Smart agriculture : une adoption qui risque de prendre du temps en France
La majorité du temps, la diversité des technologies et des expériences laissent à penser que l'adoption de l'IoT dans le secteur de la Smart Agriculture sera rapide. Ce n'est pas l'opinion de Jean-Marie Séronie, agro économiste, auteur de “Vers un Big Bang agricole ? La révolution numérique de l'agriculture”.
Comme l'indique le titre de son dernier essai, Jean-Marie Séronie approuve cette transformation digitale, mais selon lui :
“En agriculture, nous sommes en train de vivre une évolution comme le tracteur. Il est revenu en France au début des années 1950, il s'est vraiment démocratisé 20 ans plus tard. C'est ce qui en train de se passer avec l'Internet des Objets et Big Data.” Il ajoute “Les nouvelles pratiques du numérique dans l'agriculture vont devenir courantes dans cinq ans, il faudra attendre de 15 à 20 ans pour voir une adoption générale ».
Dans nos logiques actuelles, 20 ans, cela fait beaucoup. Surtout que le moindre projet IoT peut sortir du sol en à peine six mois. Il ne faut pas oublier la dimension actuelle du marché français. Jean-Marie Séronie le rappelle, “l'année 2015 a été bonne, voire la meilleure des relevés, selon le ministère de l'Agriculture”. En revanche, cette année a été difficile à cause des intempéries. “Ce qui n'est pas le cas dans le reste du monde. Du coup, les prix des céréales sont bas. L'État a bien réagi dans sa politique d'aide d'urgence, mais l'heure n'est pas à l'investissement dans les nouvelles technologies”.
L'auteur ne s'arrête pas à cette explication conjoncturelle et explique que certains pays profiteront plus rapidement de ces innovations que les pays comme la France :
“Selon les experts, le Retour sur Investissement n'est pas assez fort en France. Le marché est technologiquement mature. Ce n'est pas sûr que le matériel et les technologies comme le Big Data améliorent grandement la productivité. Par rapport à des pays comme l'Australie ou les États-Unis où les exploitations sont bien plus vastes, en France les fermes sont de tailles moyennes. Les données récoltées n'apportent autant d'aides critiques.”

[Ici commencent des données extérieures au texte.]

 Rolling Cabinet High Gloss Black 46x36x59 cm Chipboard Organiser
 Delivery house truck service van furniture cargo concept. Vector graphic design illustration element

Cette remarque s'observe très bien dans l'activité d'ITK. Plus de 90 % de son activité se fait à l'export, principalement aux États-Unis. La transformation la plus rapide ne sera pas pour les agriculteurs qui devront s'adapter, mais bien pour l'écosystème de la Smart agriculture.
Australie : Un centre d'innovation IoT dédié à l'agriculture
Les entreprises et les startups qui proposent des solutions IoT, Big Data et des plateformes web se multiplient dans l'hexagone. “Cela risque « d'ubériser » le système de distribution français basé sur des coopératives et des entreprises historiques. S'ils ne réagissent pas rapidement, ils seront dépassés par les nouveaux entrants.”
Si l'international semble une cible plus pertinente pour l'Agri French Tech, pour Jean-Marie Séronie le marché du conseil “sera court-circuité par les plateformes d'échange entre agriculteurs j'en suis persuadé” ajoute-t-il. Les professionnels se tourneront alors vers un système d'entraide numérique, à l'instar des jeunesses agricoles catholiques qui faisaient de la sensibilisation aux nouvelles techniques agricoles dans les années 1950.
Mais pour l'heure, la Smart Agriculture a besoin d'apporter des solutions rapidement exécutables et à faible coût. Ce n'est qu'à ces deux conditions que l'adoption de tous les supports technologiques évoqués ci-dessus prendra forme. En attendant, certains débattront avec les instances économiques, politiques et travailleront d'arrache-pied pour retrouver un revenu décent. Ceci est une autre histoire.